This all leads to additional stress for everyone – whether we are looking for a new job, have the threat of redundancy looming, or are just struggling to make ends meet with the rising cost of food, fuel, and the like, an economic downturn is difficult to deal with.
But, there are things that we can do to help us focus on a way through – a survival plan if you like!
If you are needing to change job, because of redundancy etc, then it might be time to think about what you want to do next – do you want to stay in the same area of work or is it time for a complete change? Have the confidence to make the decisions that you really want to make, rather than just the ones you think you should make! Guided visualization can help with this, to help you access the inner strength that will get you moving in the direction you want to be. It might be time to brush up your CV and turn yourself into a very marketable product.

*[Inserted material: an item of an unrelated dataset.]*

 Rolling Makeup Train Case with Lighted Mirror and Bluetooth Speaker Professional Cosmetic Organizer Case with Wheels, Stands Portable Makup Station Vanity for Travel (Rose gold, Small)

Set new goals – achievable goals. If you had been hoping to save up enough for a fortnights holiday or a new car, reassess realistically…. think about what you NEED against what you WANT. If that means having a shorter break away, or staying in the UK rather than holidaying abroad, then so be it. If you have been looking to change your car, set yourself a budget and stick to it…. get haggling in the showroom, you may be surprised at how much you can get knocked off the price!
Don’t allow yourself to go over your budgets, whether you are doing the weekly grocery shop, or booking a holiday. Spending money you cannot afford is not an option right now – you will regret it in due course.

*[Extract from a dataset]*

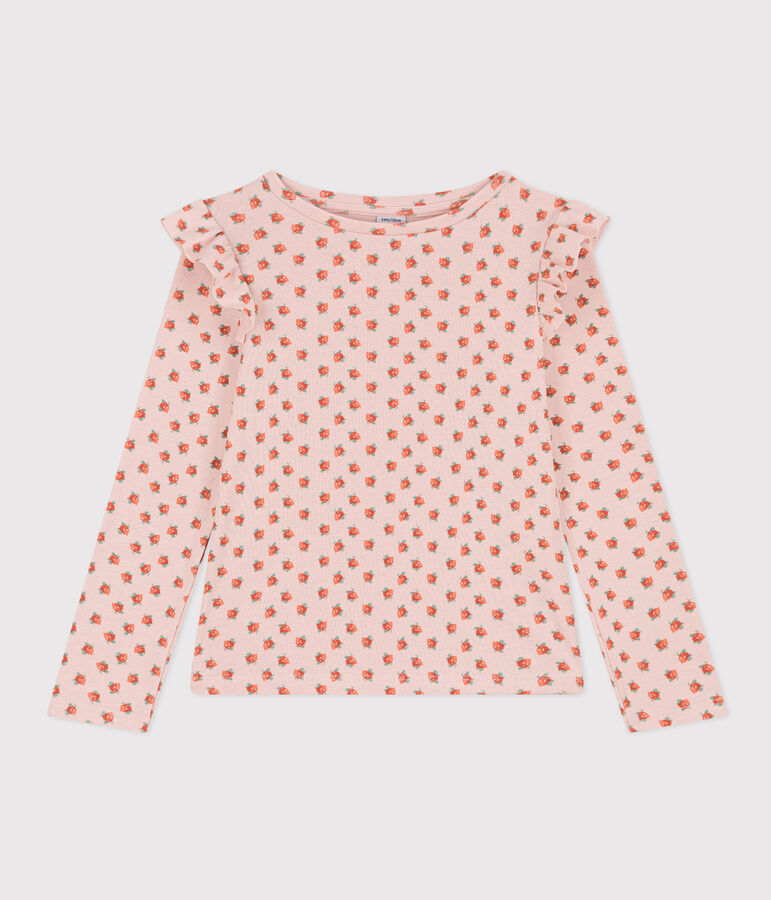 Girls' long-sleeved cotton T-shirt pink/multicolor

Focus on the things you have already – do they really need replacing, or is it just that you fancy something new? The old fashioned way of “make do and mend” is very relevant now. Don’t buy new when you can repair old! If it is serviceable, then it will do!
Look at the free things in life and enjoy them! A walk outside in the crisp winter sunshine, or along a deserted beach is a fantastic way of clearing your head and taking some time out. Dig out the board games that are lurking in the back of the cupboard and delight your children with cluedo or scrabble! Invest in a pack of playing cards, and teach your children all those games you learn’t yourself as a child!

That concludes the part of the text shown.